Let X = {X_i, i = 1, ..., m} and Y = {Y_i, i = 1, ..., n} be random samples from the distribution functions F(x) and G(y), respectively. A Mann-Whitney nonparamteric method for pAUC is (method='WM') $\hat{p A U C} (P_{0}) = \frac{1}{m n} \sum_{i = 1}^{m} \sum_{j = 1}^{n} I (X_{i} \geq Y_{j}) I {Y_{j} \geq S_{G, n}^{- 1} (P_{0})},$ where S_G, n⁻¹(t) = inf {x ∈ R; t ≥ S_G, n(x)} and S_F, m(⋅) and S_G, n(⋅) are estimators of S_F and S_G based on empirical distributions.

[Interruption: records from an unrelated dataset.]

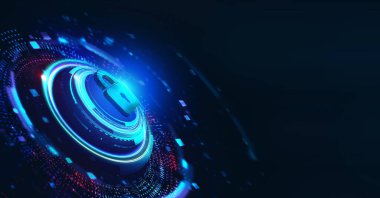 Siber güvenlik veri koruması iş teknolojisi gizlilik kavramı. Genç işadamı sanal ekrandaki ikon güvenliğini seçin.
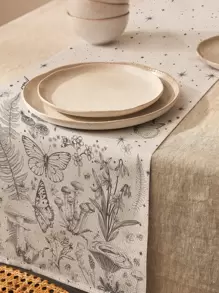 1pc Plant & Mushroom Pattern Table Runner, Modern Polyester Table Runner For Home - Multicolor - View 6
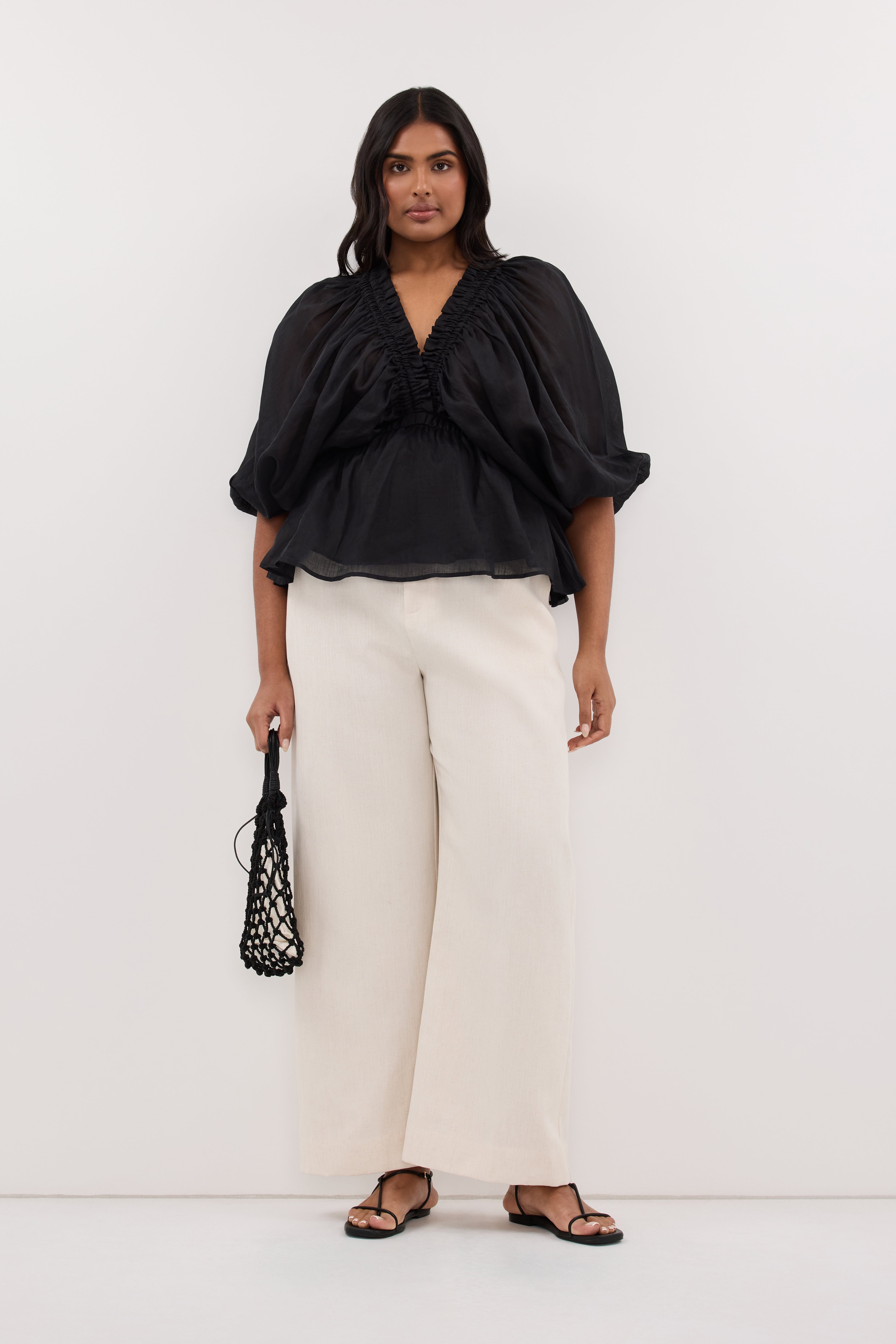 BRIELLE BLACK RAMIE LONG SLEEVE TOP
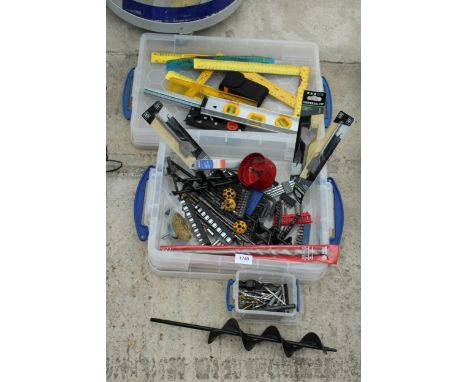 AN ASSORTMENT OF VARIOUS TOOLS TO INCLUDE SOCKETS, DRILL BITS AND SPIRIT LEVELS ETC 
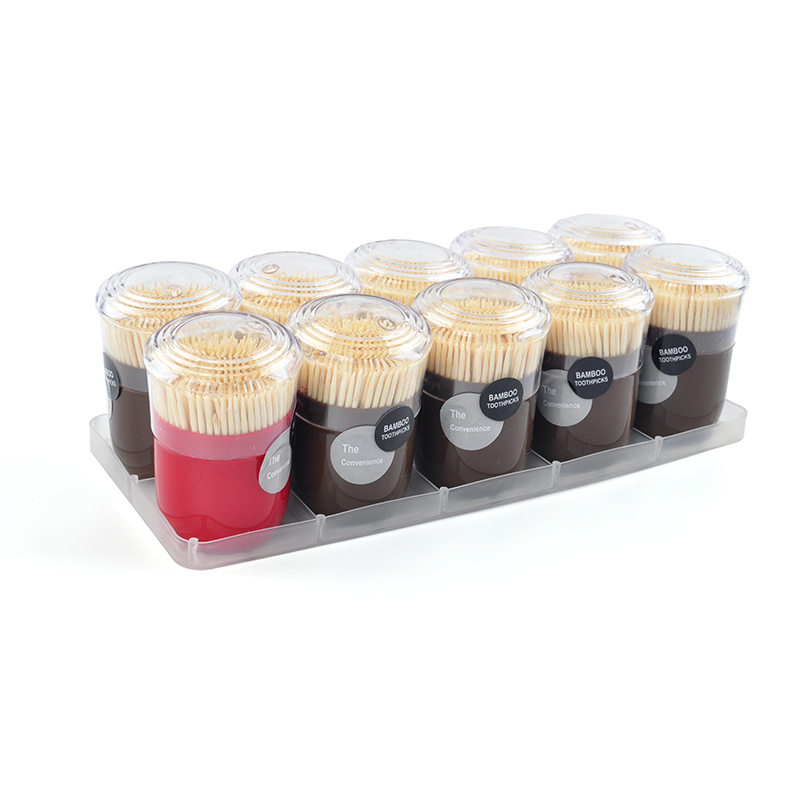 China disposable tootpick 350Pcs/bottle package wrapped storage tooth pick wooden bamboo toothpick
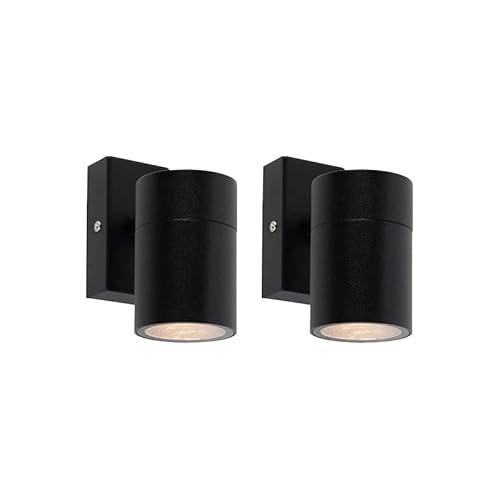 Qazqa - Modern 2er Set Außen Wandleuchte schwarz Edelstahl I nickel matt IP44 - Solo I Außenbeleuchtung - Edelstahl Zylinder - LED geeignet GU10 Qazqa - Modern 2er Set Außen Wandleuchte schwarz Edelstahl I nickel matt IP44 - Solo I Außenbeleuchtung - Edelstahl Zylinder - LED geeignet GU10 von Qazqa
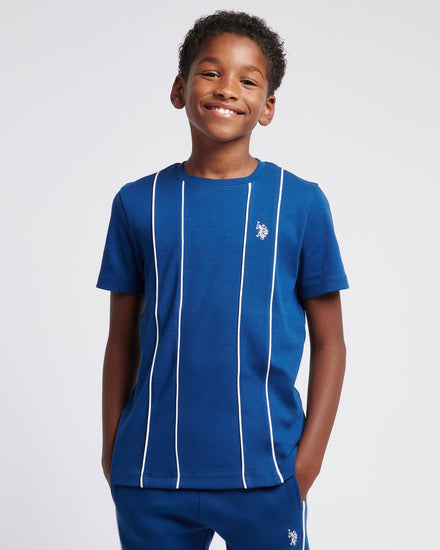 Boys Piped Interlock T-Shirt in Navy Peony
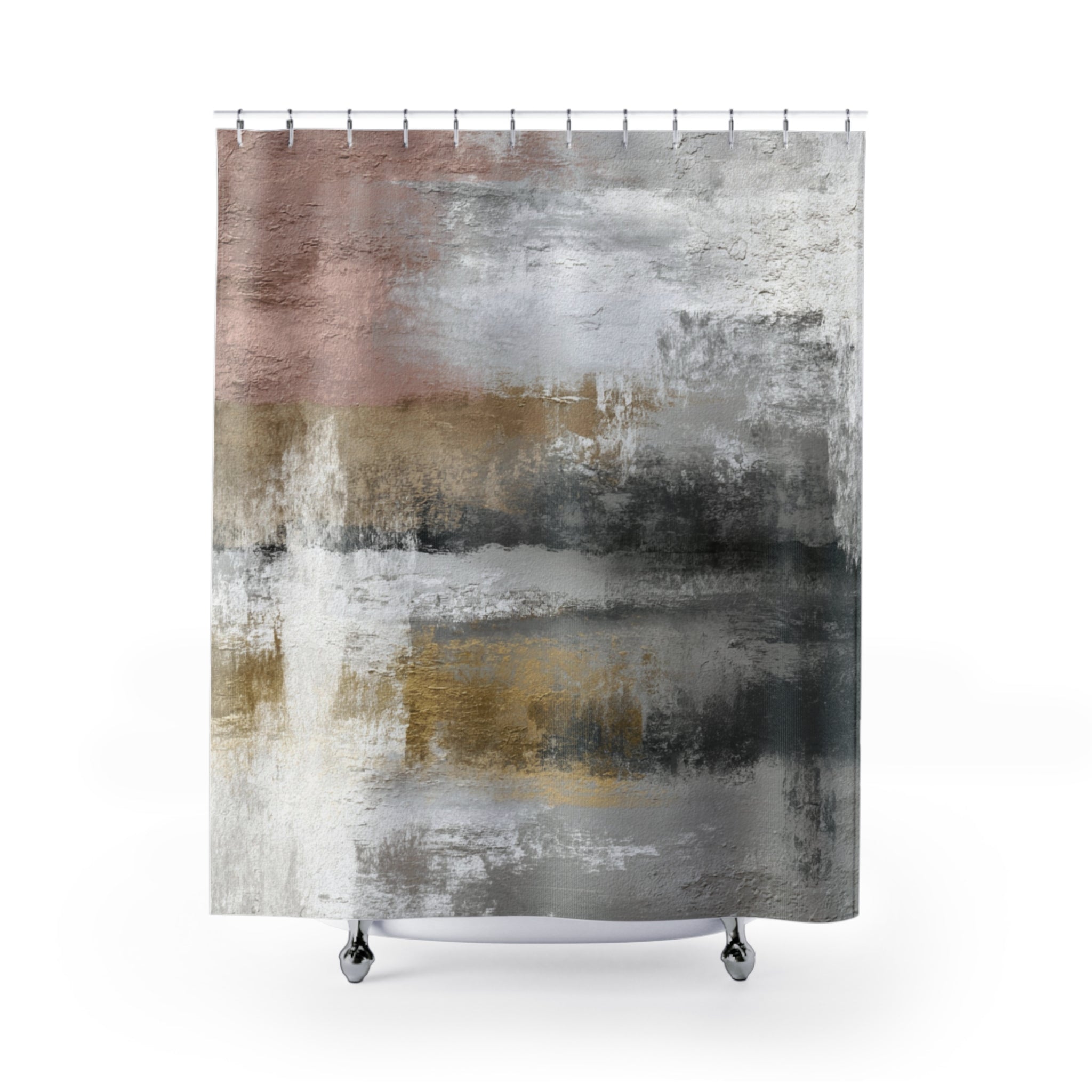 Aesthetic Shower Curtain | Grey White, Pink Rustic Abstract Art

Wang and Chang (2011) propose the following method (method = 'expect'), $\tilde{p A U C} (P_{0}) = P_{0} - \frac{1}{m} \overset{m}{\sum_{i = 1}} min {S_{G, n} (X_{i}), P_{0}} .$

Yang et al. (2017) propose a jackknife method (method = 'jackknife') based on $\widetilde{pAUC}(P_0)$, in particular, ${\tilde{p A U C}}_{j a c k} (P_{0}) = \frac{1}{n + m} \sum_{h = 1}^{n + m} V_{h} (P_{0}),$ where $V_{h} (P_{0}) = (n + m) \tilde{p A U C} (P_{0}) - (n + m - 1) {\tilde{p A U C}}_{h} (P_{0}),$ and ${\tilde{p A U C}}_{h} (P_{0}) = {\begin{cases} P_{0} - \frac{1}{m - 1} \sum_{i \neq h}^{m} min {S_{G, n} (X_{i}), P_{0}} & 1 \leq h \leq m \\ P_{0} - \frac{1}{m} \sum_{i = 1}^{m} min {S_{G, n - 1, h - m} (X_{i}), P_{0}} & m + 1 \leq h \leq m + n, \end{cases}$ where $S_{G, n - 1, h - m} (X_{i}) = \frac{1}{n - 1} \overset{n}{\sum_{j = 1, j \neq h - m}} I (Y_{j} > X_{i}) .$

pODC:

The ordinal dominance curve (ODC) introduced by Bamber (1973), describes the association between true negative rate (TNR) and false negative rate (FNR), ODC(t) = G{F⁻¹(t)} where t ∈ (0, 1). The area under the ODC, ∫₀¹ODC(t)dt = ∫_−∞^∞G(u)dF(u), is a commonly used summary measure. A partial area under the ODC (pODC) from 0 to P₀ is taken as pODC(P₀) = ∫₀^P₀ODC(t)dt.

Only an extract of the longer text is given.